The Banana: Empires, Trade Wars, and Globalization

By James Wiley | Go to book overview

Notes

Introduction

1. The terms third country and dollar zone are drawn directly from EU documents.


1. The Creation of the Banana Empire

1. Many of the Jamaicans remained in Costa Rica, and their descendants continue to live in the Puerto Limón area. They were finally granted citizenship during the 1950s.

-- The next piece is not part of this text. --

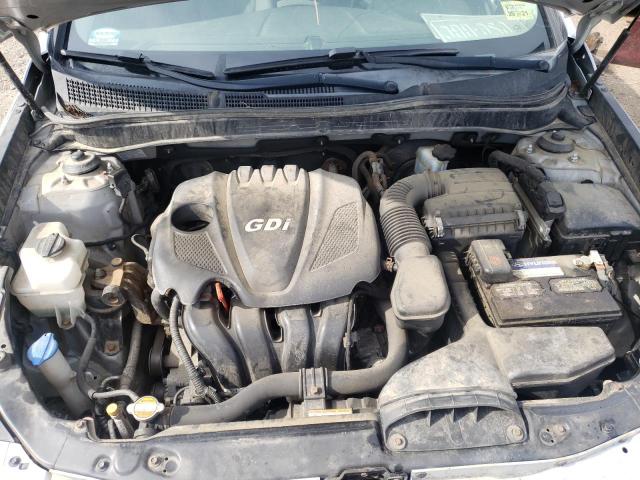 Photo 6 VIN: 5NPEB4AC3CH383701 - HYUNDAI SONATA GLS 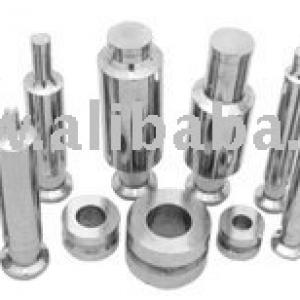 Tableting Toolings - Punch Die Sets For Tablet Press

2. Ellis (1983, 44) describes a 1906 United Fruit Company purchase of 50 percent of the shares in the Vaccaro Brothers Company, one of its principal potential rivals in Honduras. The U.S. court system thwarted this acquisition as a violation of antimonopoly legislation, so the company sold its shares in 1908. Ironically, the Vaccaro Brothers Company was reorganized in 1924 as the Standard Fruit Company, subsequently known as the Standard Fruit and Steamship Company, and became the chief competitor to the United in Central America.


2. The Empire Challenged

1. “Nine-hand bunch” refers to the output of one plant, measured vertically before being cut into the smaller bunches familiar to consumers. A nine-hand bunch was the industry’s standard measurement.

2. By the 1980s the Urubá zone was manifesting the same characteristics of decline, and the TNCS operating in the region began to move once again, this time returning to the Santa Marta area. This second shift threatened the livelihood of at least twenty thousand workers directly or indirectly employed in the industry in Urubá, the forty thousand people dependent upon them, and the six thousand homes provided by the companies for those families (Sierra 1986, 11–16).